I figure if the weather is nice and they're all outside, then I don't have to pick stalls. So, I pick the pastures instead. When the weather is nasty, I pick stalls and the pastures stay clean. Either way you look at it, somebody has to have poop pickin' detail! LOL!~


----------



## Joe4d (Sep 1, 2011)

feed textured feed and let the chickens do the work.


----------



## gunslinger (Sep 17, 2011)

My Newerspreader has helped tremendously with this, and my pastures love it.


----------



## Darrin (Jul 11, 2011)

Joe4d said:


> feed textured feed and let the chickens do the work.


My mom decided to get chickens and now dad is cussing them out. They also like to spread the manure pile around. It's amazing how much they can tear down a pile of poo.


----------



## Joe4d (Sep 1, 2011)

Darrin said:


> My mom decided to get chickens and now dad is cussing them out. They also like to spread the manure pile around. It's amazing how much they can tear down a pile of poo.


A manure pile is one of the worst things to have. Really there shouldnt even be one, If you have to pick it up from stalls or confined areas it should go straight to some kinda spreader. If it is in a pasture I use a drag harrow, basically a big section of heavy chain and drag the fields or like I do now let the chickens scatter it. I noticed with pelleted food the chickens dotn mess with the manure, so you have to feed enough whole grains that pass through to keep them interested.


----------



## Darrin (Jul 11, 2011)

Joe4d said:


> A manure pile is one of the worst things to have. Really there shouldnt even be one, If you have to pick it up from stalls or confined areas it should go straight to some kinda spreader. If it is in a pasture I use a drag harrow, basically a big section of heavy chain and drag the fields or like I do now let the chickens scatter it. I noticed with pelleted food the chickens dotn mess with the manure, so you have to feed enough whole grains that pass through to keep them interested.


My parents don't have much use for the manure themselves. The neighbor comes and gets it a couple times a year and spreads it around on his cow pasture. 

As for spreading it on their own pasture. For one, it's to wet to get on from Oct to May-June time frame. Horses are not allowed on it until after the hay has been taken off. Manure comes from the stalls and sacrificial mud pit that dad scrapes when it starts getting deep. 

Second, they don't need it as fertilizer either. Same said neighbor farms 10 of my parents acres and they drop the fence when he's fertilizing so he can hit their pasture at the same time. Their neighbor is a super nice guy and helps keep an eye out on my folks.
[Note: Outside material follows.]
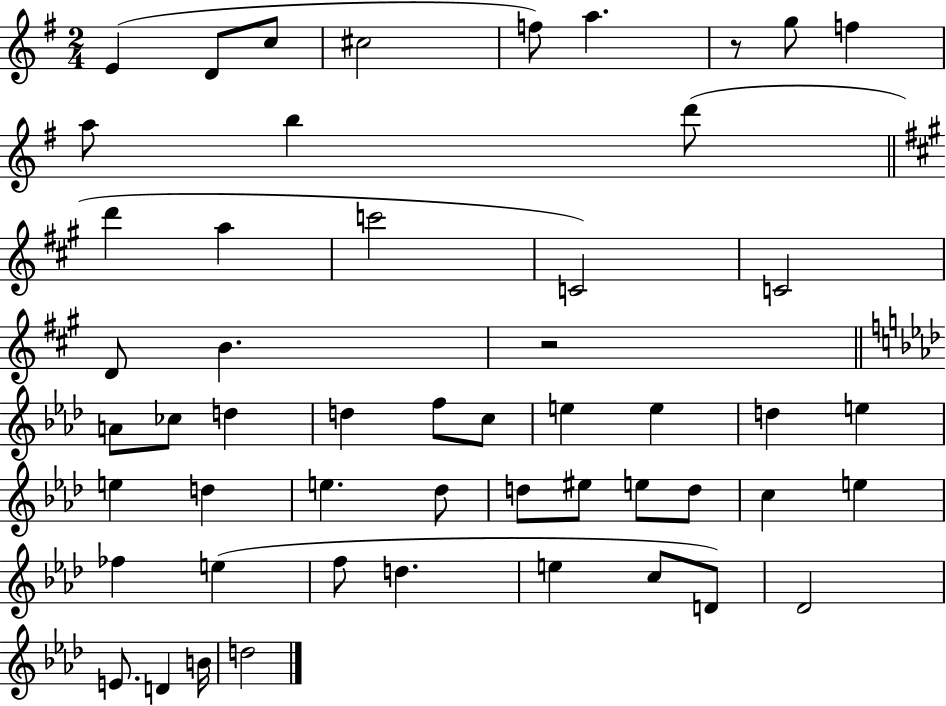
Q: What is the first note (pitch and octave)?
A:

Even has his own paid farmhands come do jobs for them when he sees dad doing something he shouldn't be.


----------



## Librahorsegal (Nov 20, 2011)

wow....i didnt think i would get so many replys about horse poop...lol... but thats good that you clean up your horse's pasture. 

i dont like doing it in the rain though. it makes the muck bucket heavier to drag though the mud.


----------



## MHFoundation Quarters (Feb 23, 2011)

I have a pile for the stall manure quite a ways from the barn (I clean stalls with a skid loader so there's no pushing a wheelbarrow across 20 acres to get to the pile) once there is enough we either spread it on our hay fields or pastures that the horses aren't on and give lots away to family & neighbors for garden fertilizer. 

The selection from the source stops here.